◆ Task statement
Copy out precisely the lines from the start of the data through the line with "French Connection Men's", and keep pictures out of it.

◆ Records to process
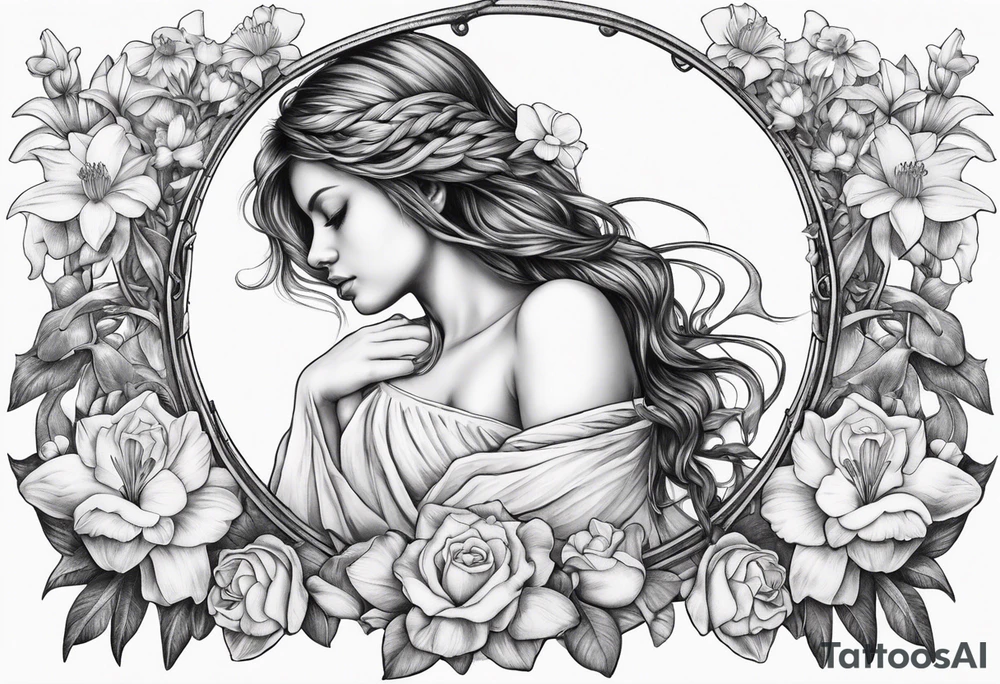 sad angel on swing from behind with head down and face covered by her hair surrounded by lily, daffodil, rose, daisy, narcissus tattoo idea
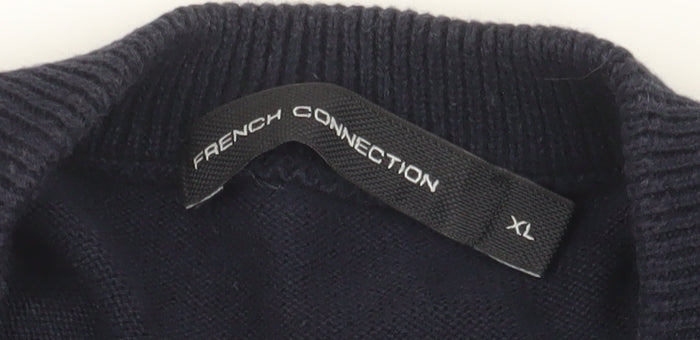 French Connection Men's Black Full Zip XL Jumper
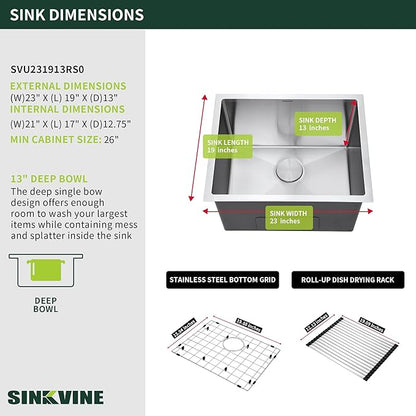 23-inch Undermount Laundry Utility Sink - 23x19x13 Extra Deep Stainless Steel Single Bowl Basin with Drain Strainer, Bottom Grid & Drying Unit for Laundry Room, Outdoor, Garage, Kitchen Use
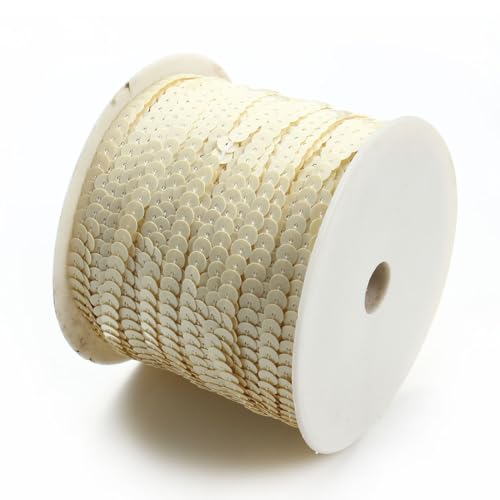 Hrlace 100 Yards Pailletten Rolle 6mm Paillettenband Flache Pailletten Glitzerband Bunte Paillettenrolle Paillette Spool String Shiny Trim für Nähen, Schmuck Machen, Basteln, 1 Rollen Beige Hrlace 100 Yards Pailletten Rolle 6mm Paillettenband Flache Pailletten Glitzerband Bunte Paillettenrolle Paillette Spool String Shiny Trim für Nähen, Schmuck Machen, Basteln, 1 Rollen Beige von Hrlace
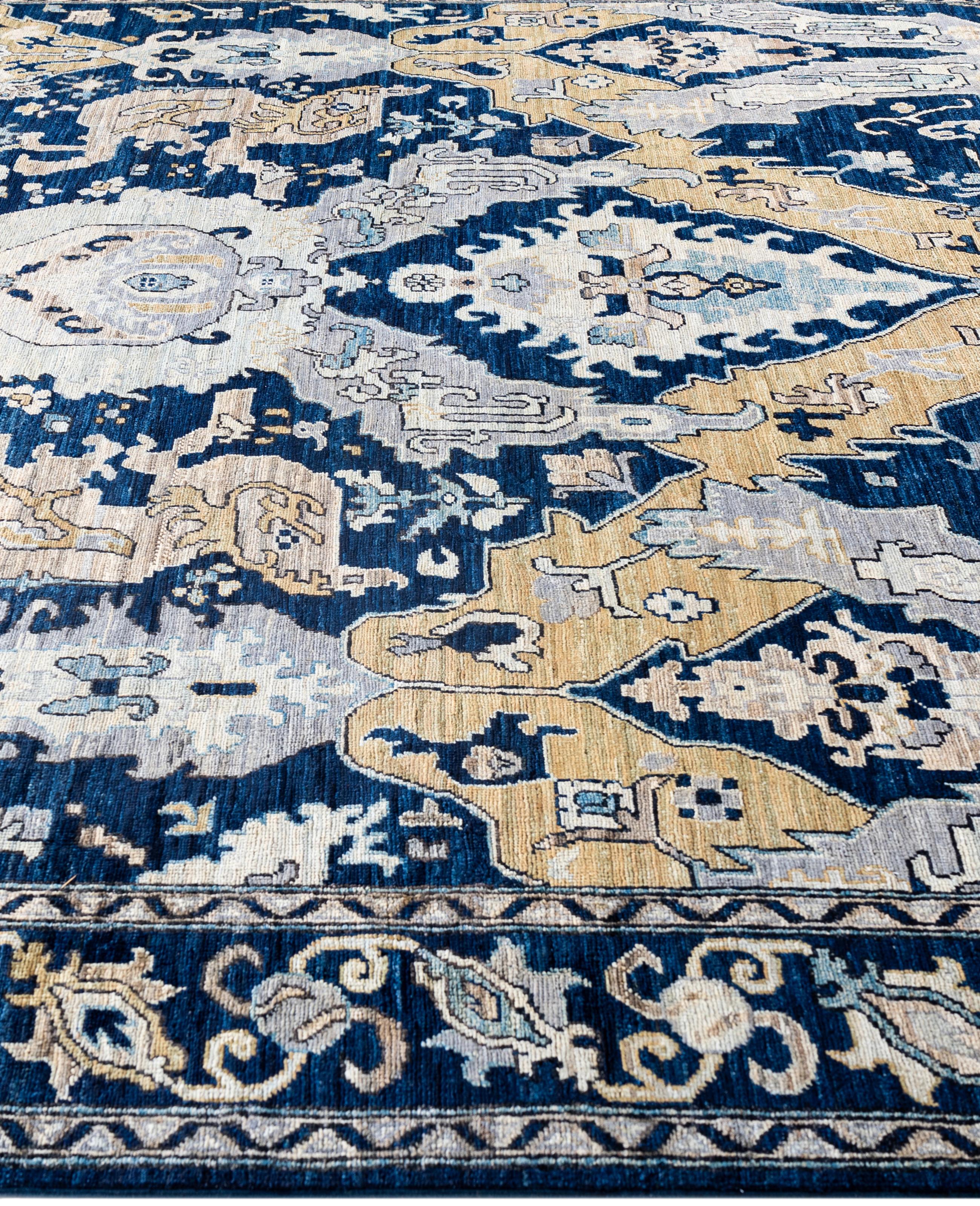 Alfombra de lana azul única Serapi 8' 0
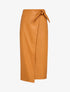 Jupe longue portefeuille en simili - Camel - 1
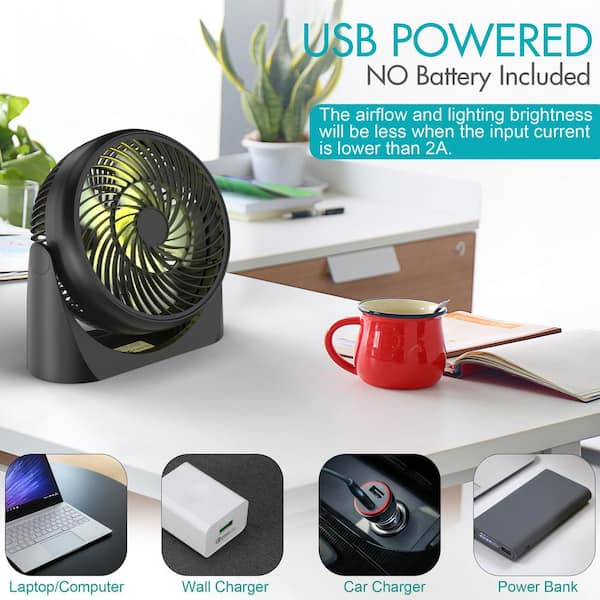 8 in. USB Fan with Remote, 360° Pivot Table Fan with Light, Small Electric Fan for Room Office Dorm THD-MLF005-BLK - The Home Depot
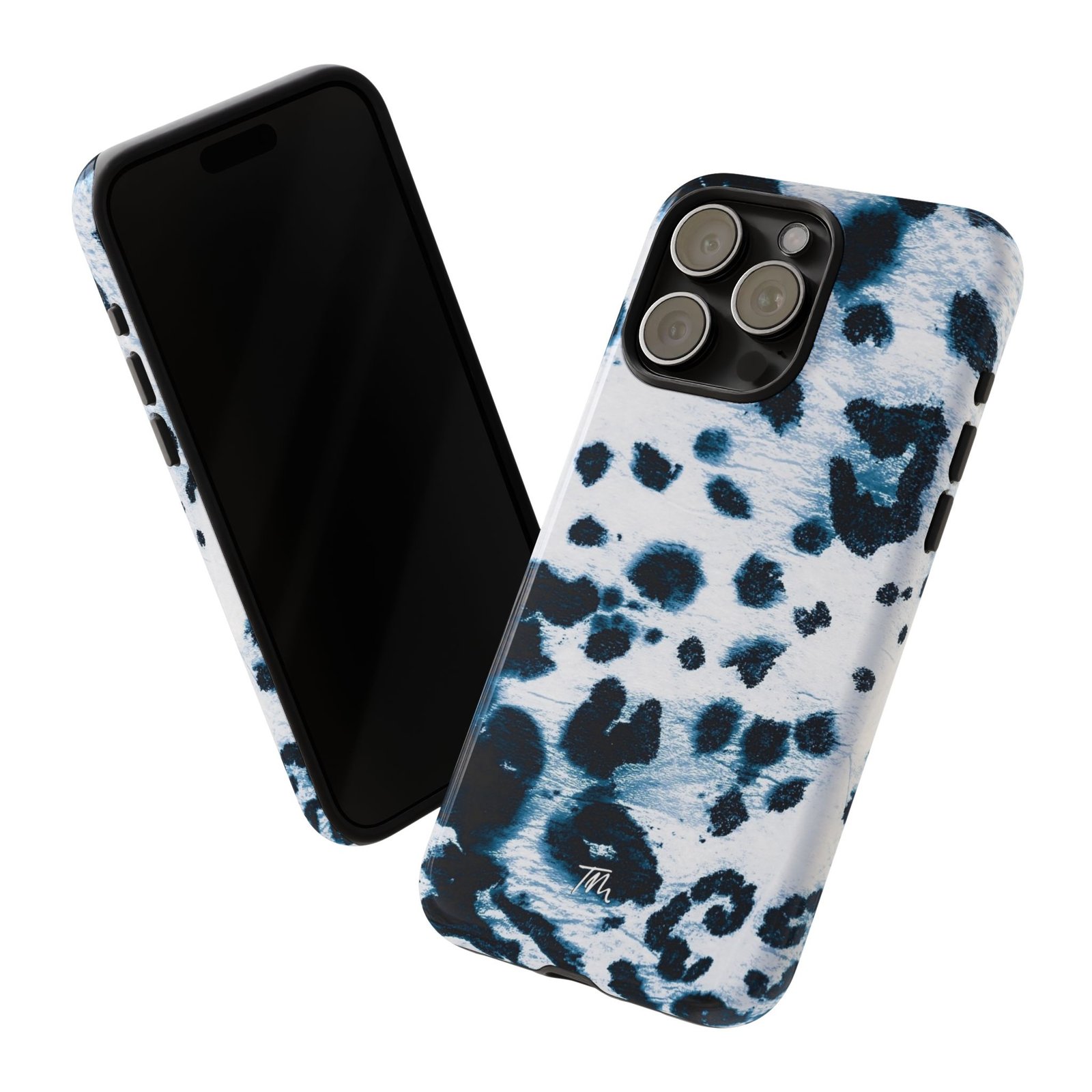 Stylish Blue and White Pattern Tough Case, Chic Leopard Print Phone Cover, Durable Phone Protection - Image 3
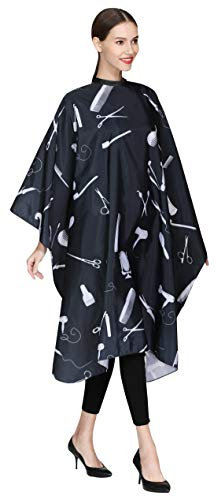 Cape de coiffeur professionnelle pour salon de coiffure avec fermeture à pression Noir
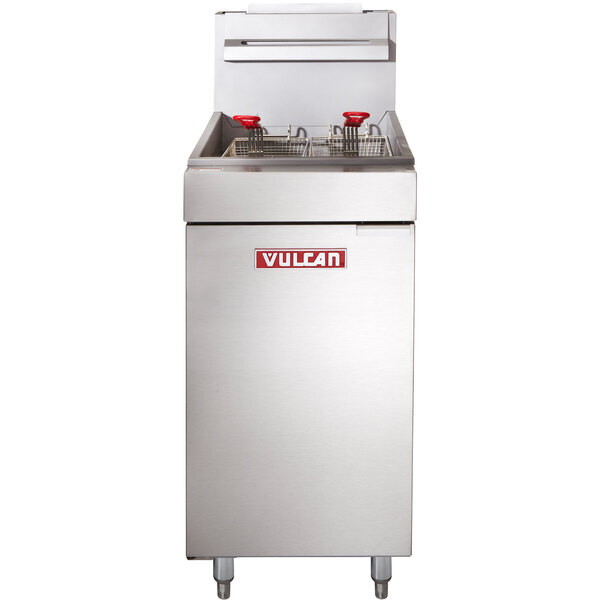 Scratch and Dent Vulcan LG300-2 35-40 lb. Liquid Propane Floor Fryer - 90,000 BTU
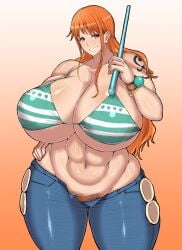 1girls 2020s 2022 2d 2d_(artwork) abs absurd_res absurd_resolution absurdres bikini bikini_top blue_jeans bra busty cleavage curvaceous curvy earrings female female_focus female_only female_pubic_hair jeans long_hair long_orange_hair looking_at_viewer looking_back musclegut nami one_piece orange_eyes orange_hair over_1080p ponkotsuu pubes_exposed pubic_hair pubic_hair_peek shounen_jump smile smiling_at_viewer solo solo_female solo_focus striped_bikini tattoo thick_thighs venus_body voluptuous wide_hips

◆ The completed task
 sad angel on swing from behind with head down and face covered by her hair surrounded by lily, daffodil, rose, daisy, narcissus tattoo idea
 French Connection Men's Black Full Zip XL Jumper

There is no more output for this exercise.